═════ Given records

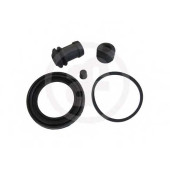 Ремкомплект тормозного суппорта AUTOFREN SEINSA D4648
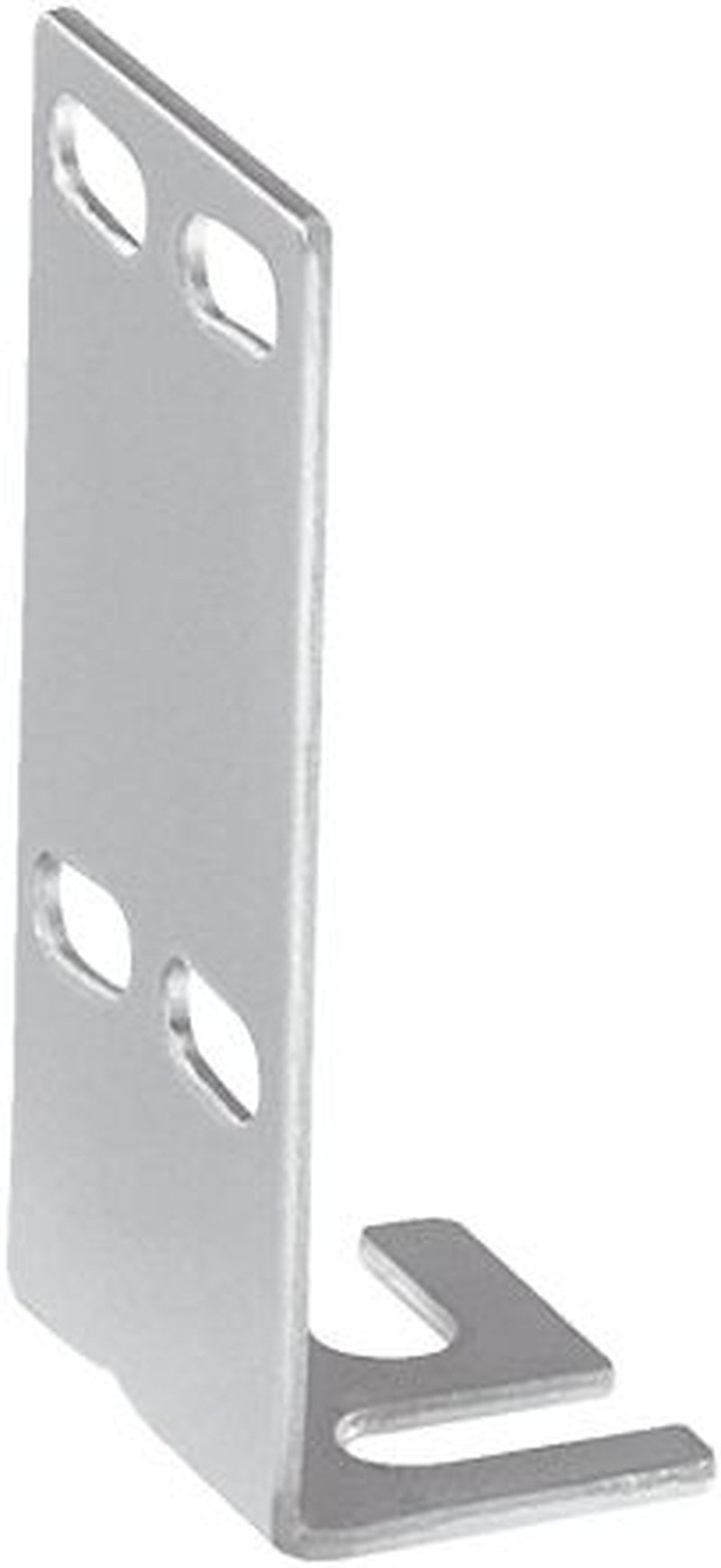SICK, BEF Series Mounting Bracket for Use with SICK W100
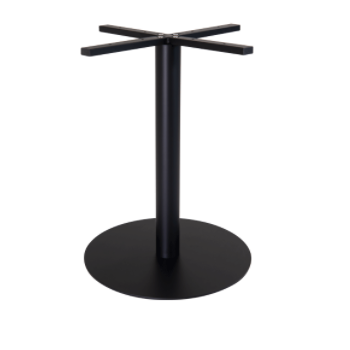 SJLESTEL -  54 cm - Passer til bordplade fra  60 -  90 cm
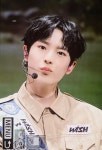 ♡nct wish — 유우시˚₊·—̳͟͞͞♡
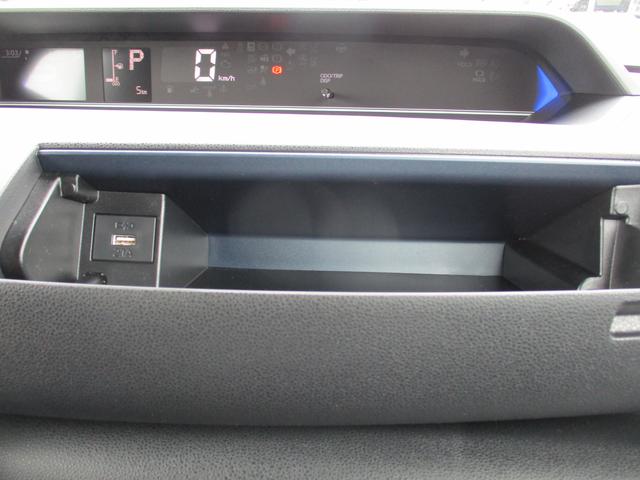 タントカスタムXR6年式 届出済み未使用車 左右パワースライドドア キーフリー 5km(福岡県)の中古車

══════════

Task directions -
All lines from the one containing "cm - Passer" to the last line of the records above, and no others, should be returned unchanged, without pictures.

The completed task -
 SJLESTEL -  54 cm - Passer til bordplade fra  60 -  90 cm
 ♡nct wish — 유우시˚₊·—̳͟͞͞♡
 タントカスタムXR6年式 届出済み未使用車 左右パワースライドドア キーフリー 5km(福岡県)の中古車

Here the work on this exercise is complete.